▸ **Task description**
Show each line of the entries below in which the word "with" appears.
(Extracted entries Opens)
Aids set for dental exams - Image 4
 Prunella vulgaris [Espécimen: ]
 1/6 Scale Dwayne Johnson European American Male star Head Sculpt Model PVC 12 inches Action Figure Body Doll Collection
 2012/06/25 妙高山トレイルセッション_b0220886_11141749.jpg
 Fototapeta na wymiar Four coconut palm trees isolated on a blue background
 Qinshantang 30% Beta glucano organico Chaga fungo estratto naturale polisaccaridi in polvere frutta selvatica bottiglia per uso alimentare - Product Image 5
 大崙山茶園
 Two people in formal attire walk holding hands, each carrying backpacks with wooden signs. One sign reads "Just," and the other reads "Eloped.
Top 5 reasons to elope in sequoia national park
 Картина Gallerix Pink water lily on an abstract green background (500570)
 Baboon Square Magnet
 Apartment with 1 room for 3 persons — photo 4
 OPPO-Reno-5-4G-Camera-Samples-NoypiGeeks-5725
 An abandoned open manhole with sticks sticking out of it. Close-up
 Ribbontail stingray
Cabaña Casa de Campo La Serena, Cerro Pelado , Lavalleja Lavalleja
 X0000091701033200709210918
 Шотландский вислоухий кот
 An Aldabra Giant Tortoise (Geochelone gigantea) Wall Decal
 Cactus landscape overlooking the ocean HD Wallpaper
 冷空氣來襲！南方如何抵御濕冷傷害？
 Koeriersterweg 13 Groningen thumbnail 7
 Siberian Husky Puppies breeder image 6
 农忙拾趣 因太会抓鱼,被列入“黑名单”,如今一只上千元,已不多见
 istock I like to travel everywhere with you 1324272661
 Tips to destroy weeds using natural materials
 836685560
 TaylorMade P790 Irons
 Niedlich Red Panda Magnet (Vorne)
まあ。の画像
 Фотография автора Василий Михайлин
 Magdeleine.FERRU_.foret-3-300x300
(Extracted entries Closes)
▸ **Reply to the task**
 Two people in formal attire walk holding hands, each carrying backpacks with wooden signs. One sign reads "Just," and the other reads "Eloped.
 Apartment with 1 room for 3 persons — photo 4
 An abandoned open manhole with sticks sticking out of it. Close-up
 istock I like to travel everywhere with you 1324272661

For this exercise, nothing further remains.